The index is based on 27 ratios in accordance with Basel Committee requirements and allows analysis against average nationwide benchmarks.
The methodology for calculating the index rests on a set of indicators, including asset growth, loan-portfolio dynamics, profitability, liquidity and operational resilience, which together provide a comprehensive analysis of banks’ activity and enable assessment of competition and efficiency within the sector.
In line with the classification regulations, from 2025 the composition of the large-bank group was amended. Thus, Davr Bank, Tenge Bank and Anor Bank were reclassified as large banks.
Under the established criteria, a bank is considered large if its assets amount to at least 1% (approx. $5.4 bln) of the total assets of the banking system — equivalent to 7 trln sums — and if it has branches or service offices in at least one-third of the country’s regions. Banks not meeting these requirements are classified as small.
Among large banks in Q1 2025, Kapitalbank retained its leading position, while Hamkorbank rose from fourth to second place, improving its financial-intermediation, asset quality and management scores. Asia Alliance Bank held third place, demonstrating stable performance.
Among the newcomers in the large-bank category, Anor Bank confidently entered the top five in fourth place. Meanwhile, Trast Bank, which fell by three spots, closed out the overall top five.
It is also worth noting that SQB climbed one position, while Aloqa Bank and Business Development Bank maintained stable rankings.

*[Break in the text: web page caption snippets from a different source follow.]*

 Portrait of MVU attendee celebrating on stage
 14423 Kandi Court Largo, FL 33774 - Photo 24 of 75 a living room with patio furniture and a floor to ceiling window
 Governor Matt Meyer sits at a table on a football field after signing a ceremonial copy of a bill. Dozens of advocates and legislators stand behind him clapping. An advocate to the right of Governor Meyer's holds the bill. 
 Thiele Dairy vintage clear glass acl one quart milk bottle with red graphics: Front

Several banks showed significant declines. Of the 20 large credit institutions, most exhibited negative dynamics and failed to hold their positions.
In particular, NBU and Mikrokreditbank each dropped six positions. Invest Finance Bank lost four positions, while Orient Finance Bank, Ipoteka Bank and Agrobank each slipped two places. Ipak Yo‘li Bank and Xalq Bank showed more moderate declines of one position each.

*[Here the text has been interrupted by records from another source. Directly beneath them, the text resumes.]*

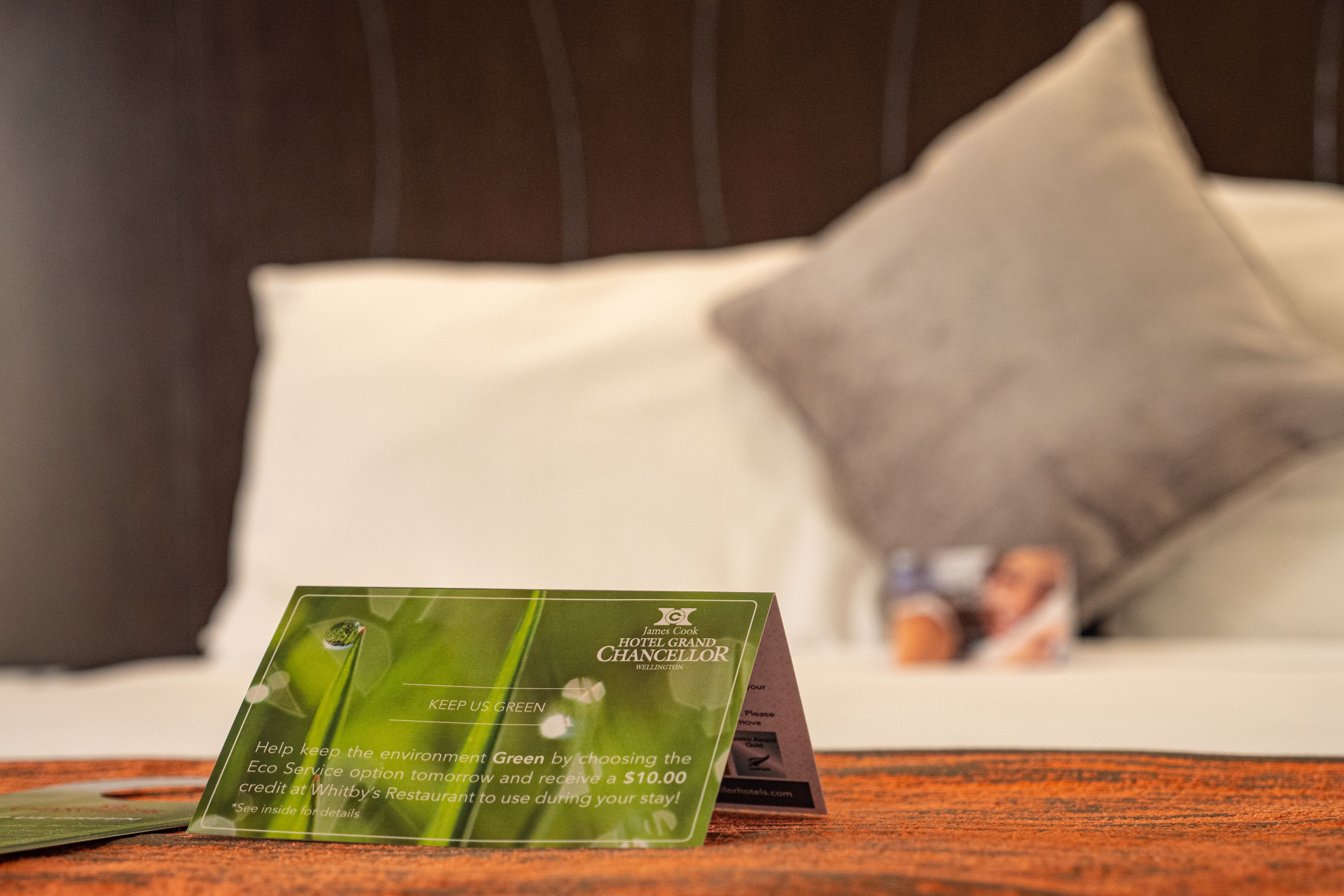 Una tarjeta de información del hotel verde sobre una cama con un almohadón y un fondo desenfocado.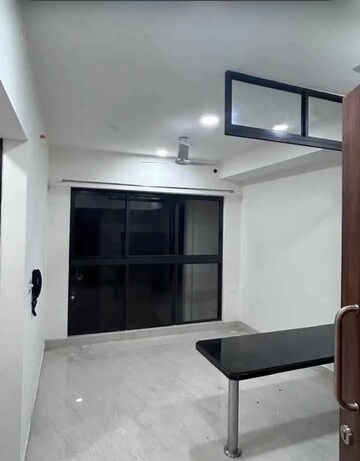 Living Room in 1 BHK Apartment at Lodha Crown Quality Homes, Majiwada – for Rent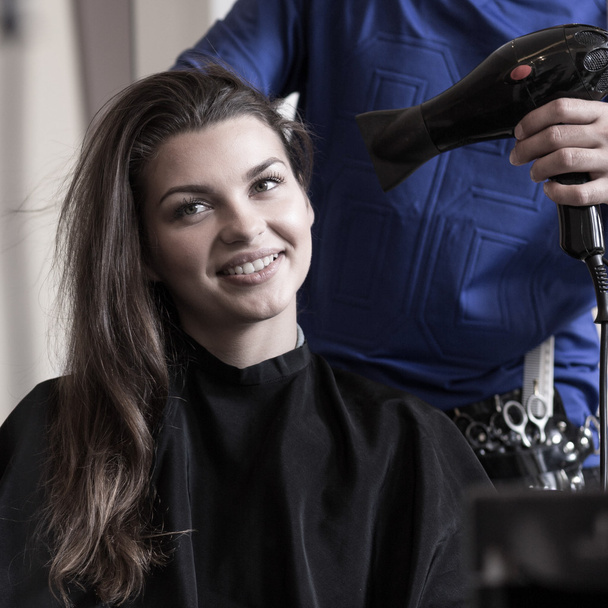 Hairstylist drying woman's hair - Photo, Image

Mikrokreditbank’s six-position fall was driven by a marked deterioration in capital adequacy (–10 pts) and asset quality (–6 pts). Such shifts underscore the need to strengthen internal financial resilience and adopt a more balanced risk-management strategy.
Assessment of the Sustainability and Efficiency of Uzbekistan’s Banking Sector
Across a number of indicators characterizing sustainability and operational efficiency, large market participants saw negative dynamics in Q1 2025.
In financial intermediation (loans-to-deposits ratio, obligations to other banks and to state bodies), Turon Bank registered the sharpest drop (–8 positions). Asaka Bank and Business Development Bank each fell by two positions.
In financial inclusion (clients per branch, loan concentration, and private-sector lending volume), the steepest decline was at Trast Bank (–5 positions), followed by Asia Alliance Bank, Invest Finance Bank and Ipak Yo‘li Bank (–4 positions each).
Asset quality remains a key focus. By return on assets (ROA) and non-performing-loan (NPL) share, Ipoteka Bank stays in the bottom 20 of the ranking. Mikrokreditbank (–6 positions) and Business Development Bank (–5) also saw large drops, while Kapitalbank, Trast Bank, Turon Bank and Agrobank each fell by three positions. These changes signal persistent pressure on asset quality, requiring measures to bolster credit-portfolio resilience and risk management.
Profitability and operational-efficiency indicators also showed downward trends. In profitability (net interest income vs. interest expenses, non-interest-income share), Agrobank fell into the bottom 20. Negative adjustments also affected Xalq Bank (–3), Aloqa Bank, SQB, Turon Bank and Asaka Bank (–2 each).
In management efficiency (profit per employee, operating expenses, non-interest-income scale), Asaka Bank led the declines (–7), followed by Invest Finance Bank (–6), and Trast Bank and Xalq Bank (–4 each). Mikrokreditbank dropped four positions, placing it in the bottom 20 for this component.
In liquidity (highly liquid-asset ratio, LCR, NSFR), Turon Bank fell four positions into the bottom 20. Notable declines were also seen at Aloqa Bank (–7) and NBU (–5).
Following this reassessment, four banks — Saderat Bank, Uzum Bank, Apex Bank and Smart Bank — were reclassified as small financial organizations.
Among Uzbekistan’s 15 small banks in Q1 2025, seven improved their standings; the only bank to lose a position was Octobank.
The best result came from Hayot Bank, which climbed eight places to rank second among small banks. Also in the leaders were TBC — which improved on key metrics such as intermediation, asset quality, management and profitability to place third — and Universal Bank, which retained first place by enhancing its financial-intermediation and profitability figures.
By capital-adequacy, UzKDB Bank improved by five points and Garant Bank by one. Other small banks showed declines in this indicator, emphasizing the need to further strengthen capitalization and resilience.